Description of the task » Pictures aside, reproduce exactly and only the lines below, starting at the one containing "1000ml Double Wall" and ending at the last line.

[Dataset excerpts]
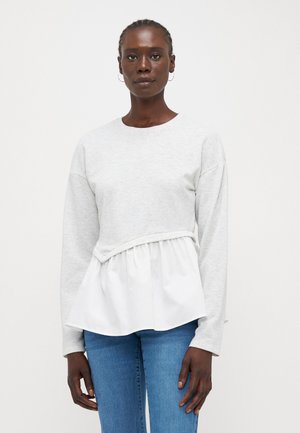 ONLJOHANNA O NECK MIX  - Sweatshirt - light grey melange/cloud dancer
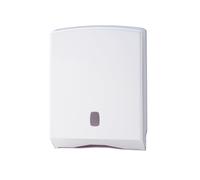 Medial - 104026 - Distributore asciugamani piegati C-Z-M-V Basica - 27,8 x 12,8 x 38 cm - bianco-grigio - Medial - 73923 - Conf. da 1 Pz. - 104026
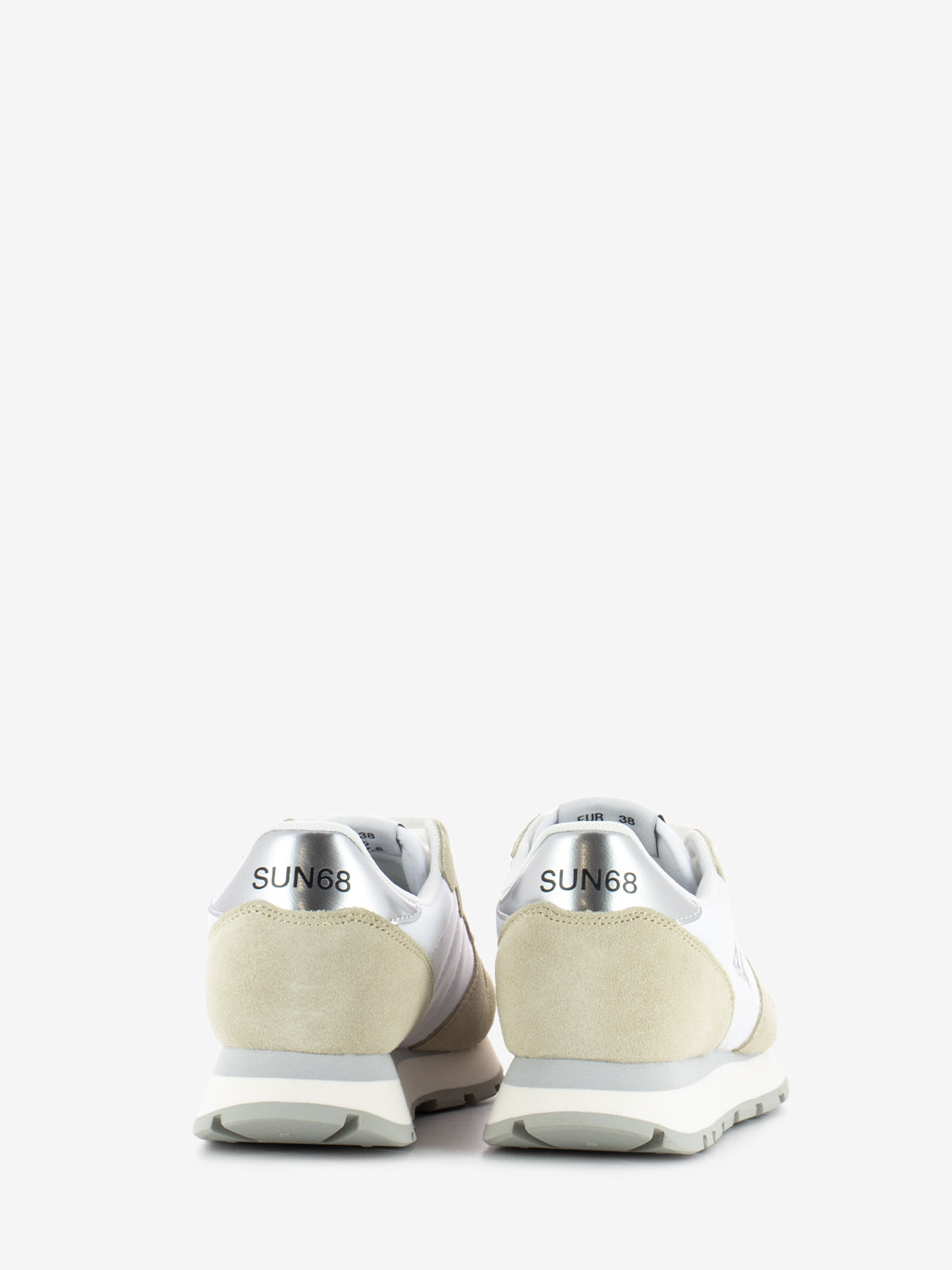 Sneakers Ally gold silver / bianco panna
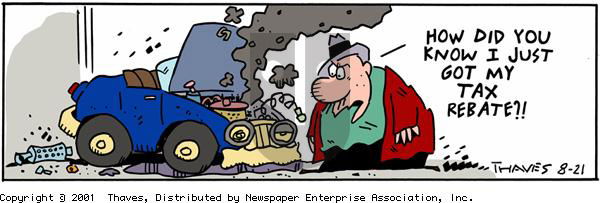 Frank and Ernest on Tuesday August 21, 2001 Comic Strip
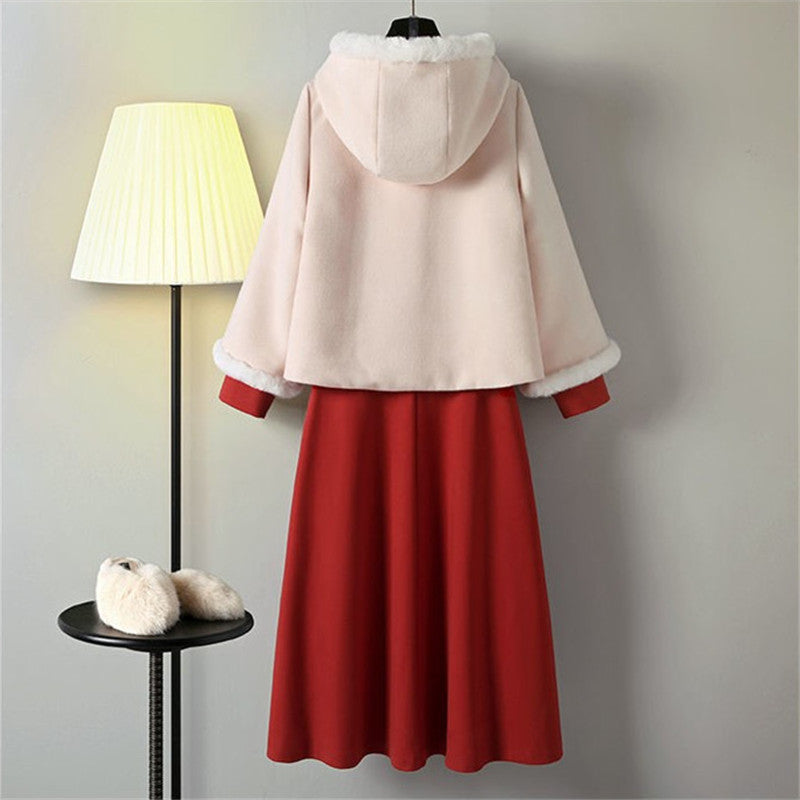 TWO PIECE CHINESE STYLE HANFU SUIT SKIRT UB3312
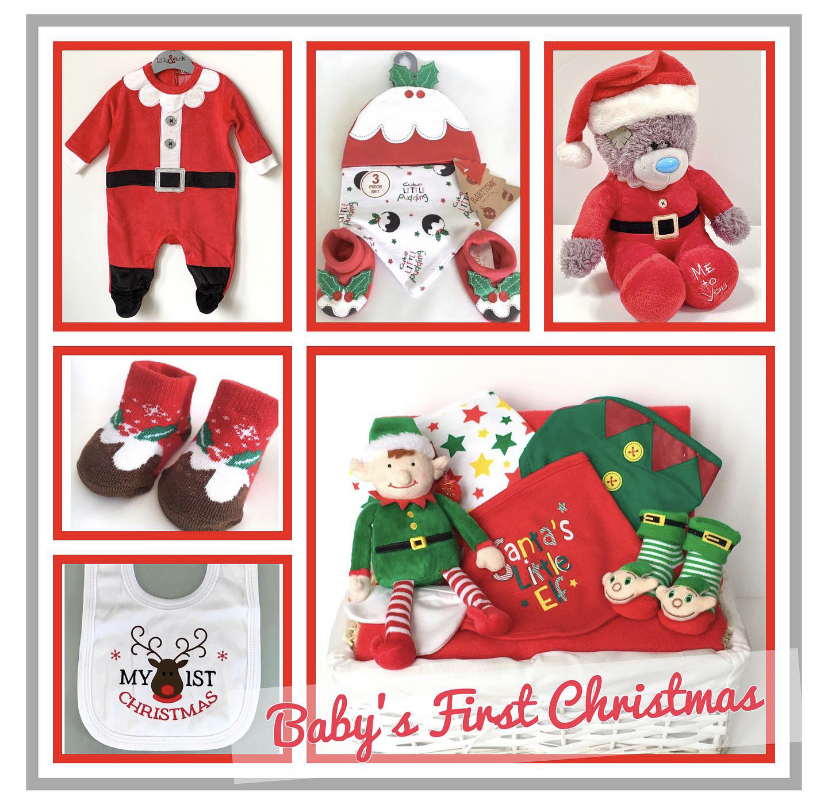 Baby's First Christmas Clothes & Gifts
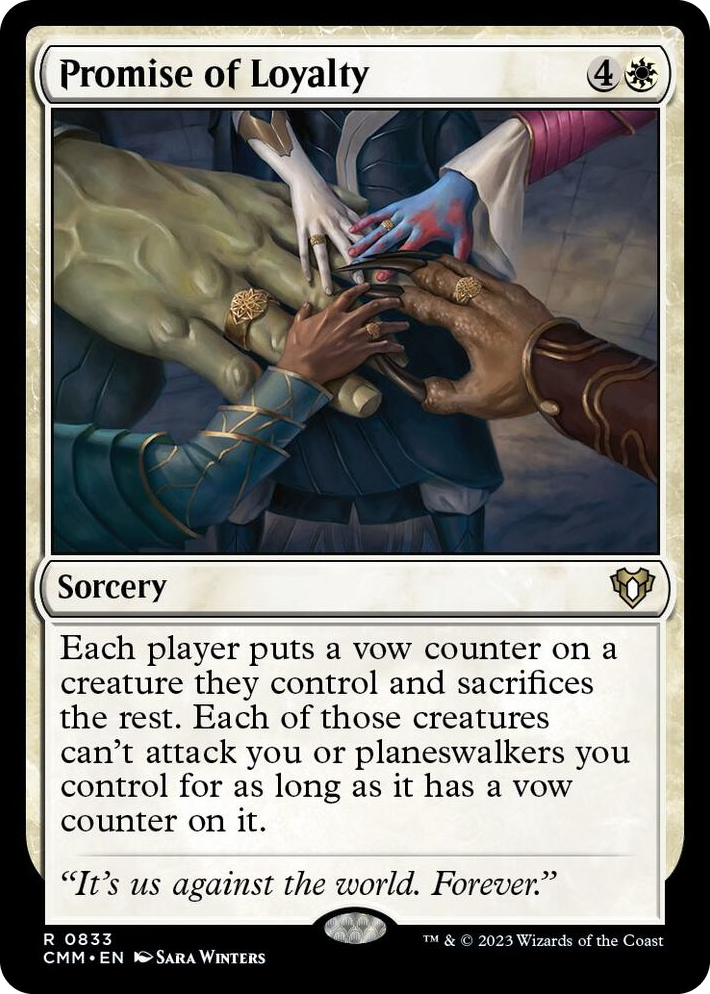0833 Promise of Loyalty R Commander Masters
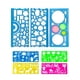 thumbnail image 5 of Juego De Plantillas De Dibujo De 7 Piezas Transparentes En Forma Múltiple Para Medir En La Oficina Niños Niñas, 5 of 5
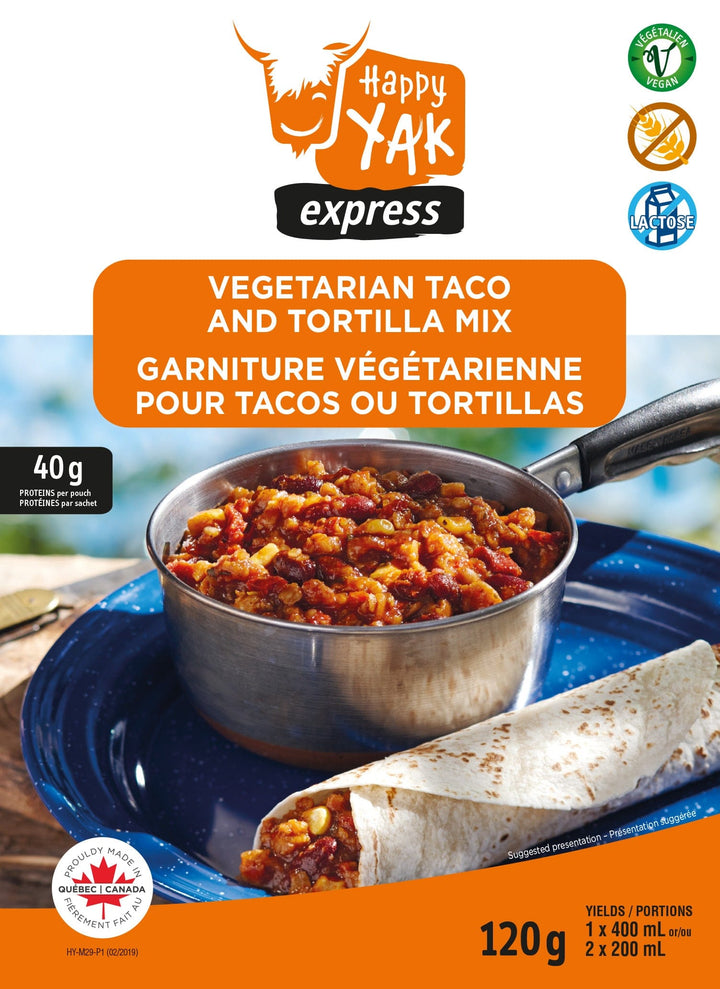 Happy Yak Vegetarian Tacos & Tortillas Mix - 1 Portion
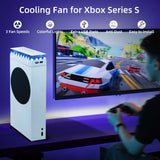 Mcbazel RGB Cooling Fan for Xbox Series S with Dust Filter, Low Noise
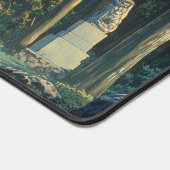 Meditative Woodland Shrine – Calm Forest Sanctuary Schreibtischunterlage (Ecke)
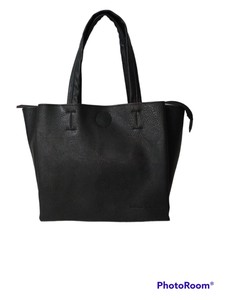 Synthetic Leather 2WAY Blue Handbag Bag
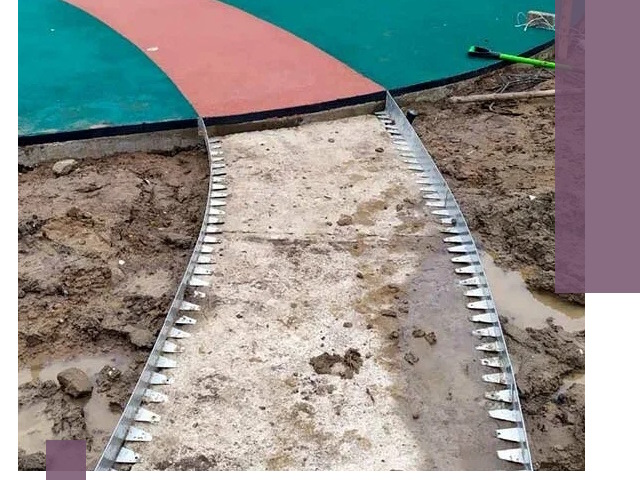 Металлические бордюры для дорожек в Симферополе — монтаж и изготовление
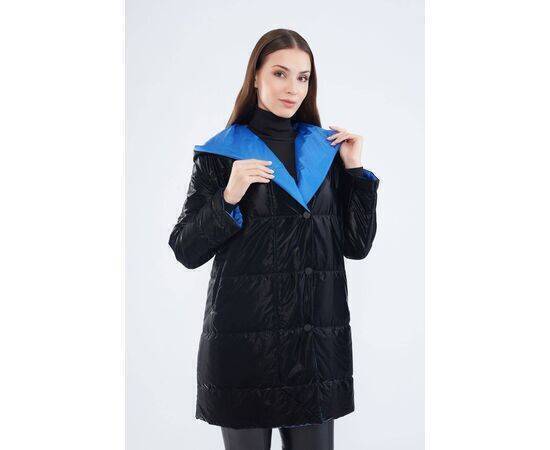 Women's Quilted Coat with Colorful Inner Lining (Kaban)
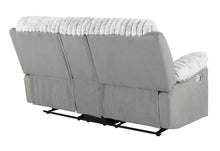 Load image into Gallery viewer, U6028 GREY CONSOLE RECLINING LOVESEAT
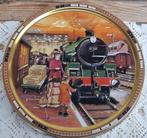 Deens blik met locomotief, trein, Jacobsens Bakery, Verzamelen, Ophalen of Verzenden, Gebruikt, Koek(jes), Overige merken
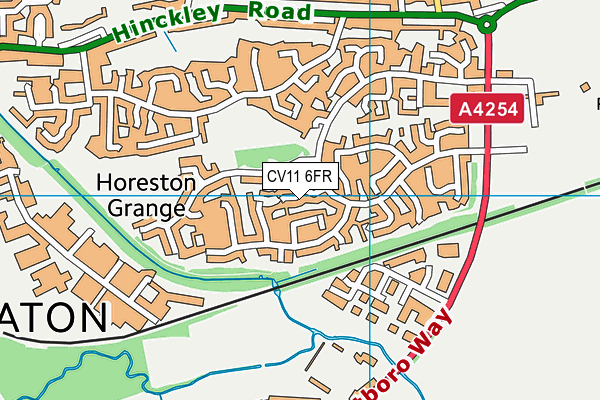 CV11 6FR map - OS VectorMap District (Ordnance Survey)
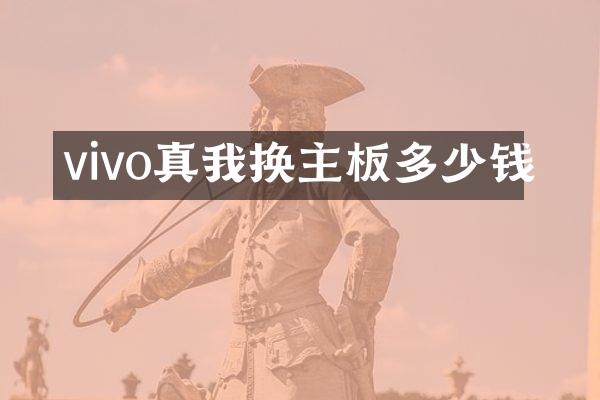 vivo真我换主板多少钱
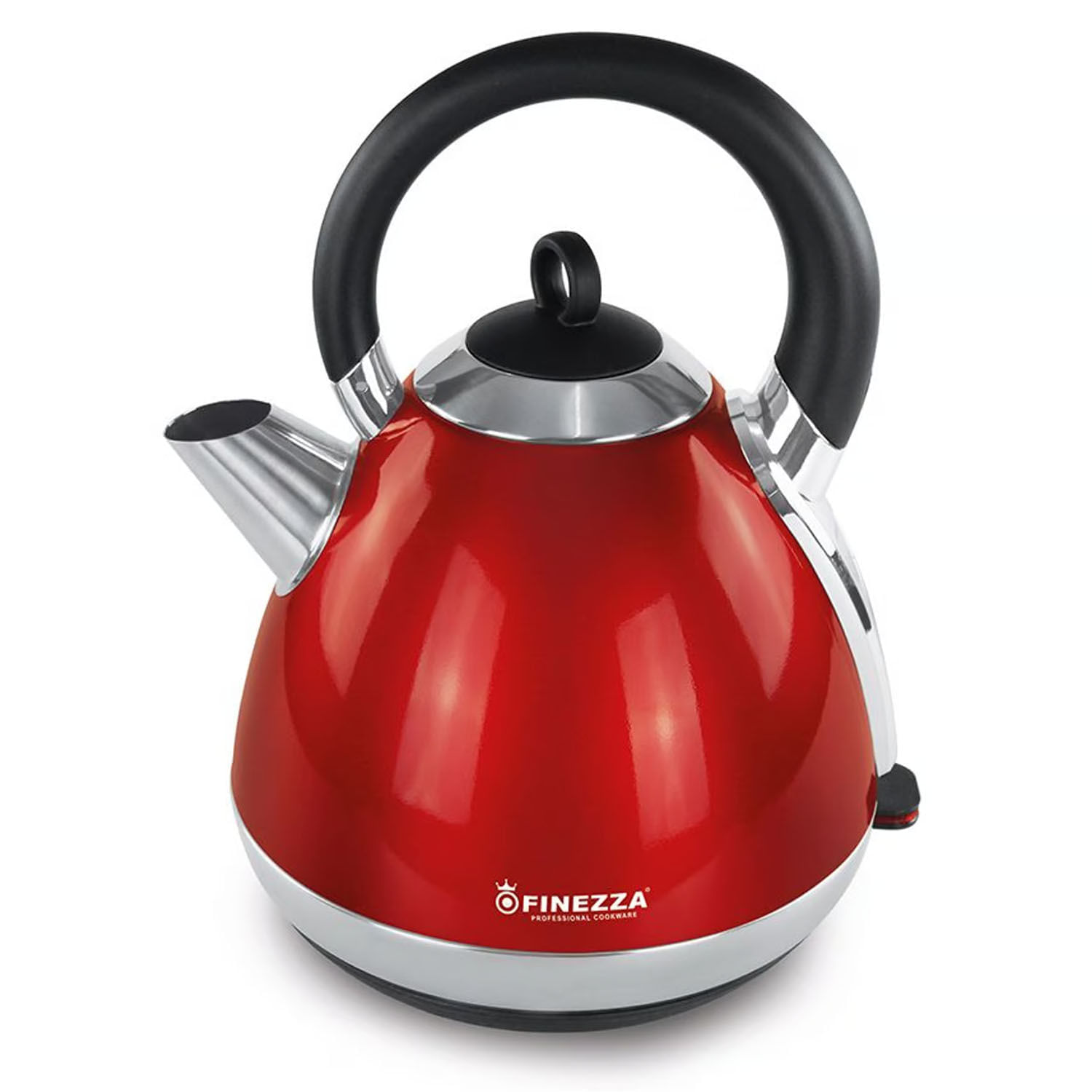 Hervidor eléctrico Finezza FZ-632T 1800w, 2 litros, apagado automático, rojo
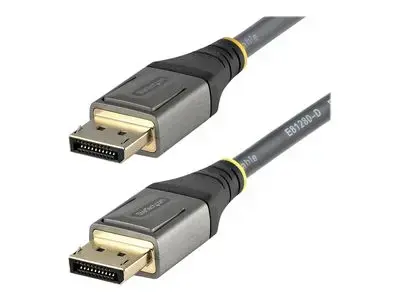 StarTech.com 10ft (3m) VESA Certified DisplayPort 1.4 Cable, 8K 60Hz HDR10, Ultra HD 4K 120Hz DP Video Cable, DisplayPort to DisplayPort Cable, DP Cord for Monitors|Displays, M|M - DP 1.4 Cable with Latches (DP14VMM3M) - DisplayPort cable - DisplayPort to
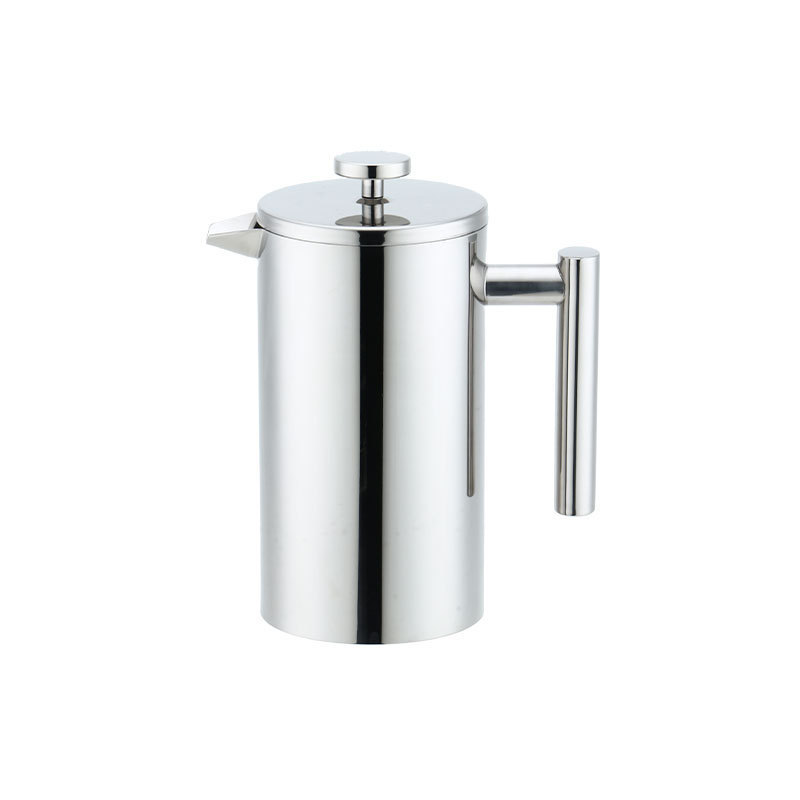 1000ml Double Wall Portable Travel 304 Stainless Steel Coffee Maker Prensa Francesa Cafeteras French Press Coffee French Press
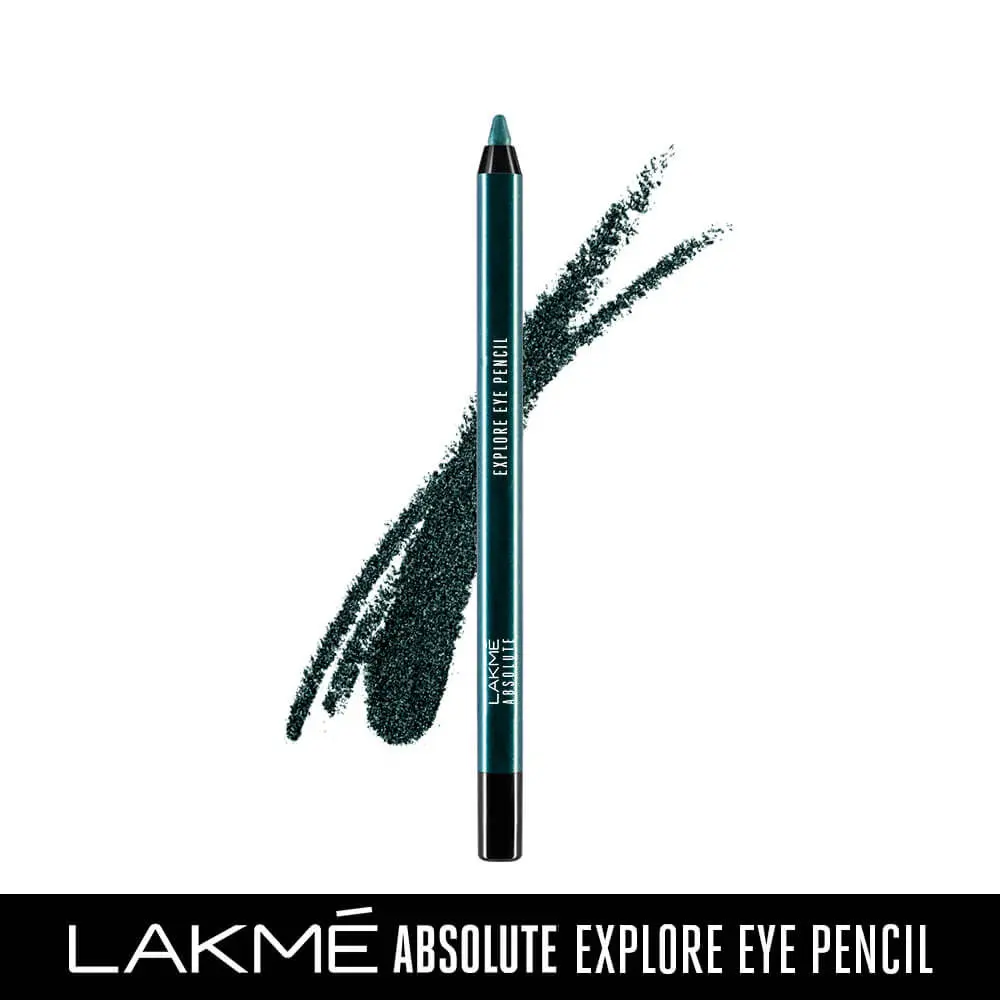 Lakme Absolute Explore Eye Pencil, Bold Emerald, 1.2g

Answer space »
 1000ml Double Wall Portable Travel 304 Stainless Steel Coffee Maker Prensa Francesa Cafeteras French Press Coffee French Press
 Lakme Absolute Explore Eye Pencil, Bold Emerald, 1.2g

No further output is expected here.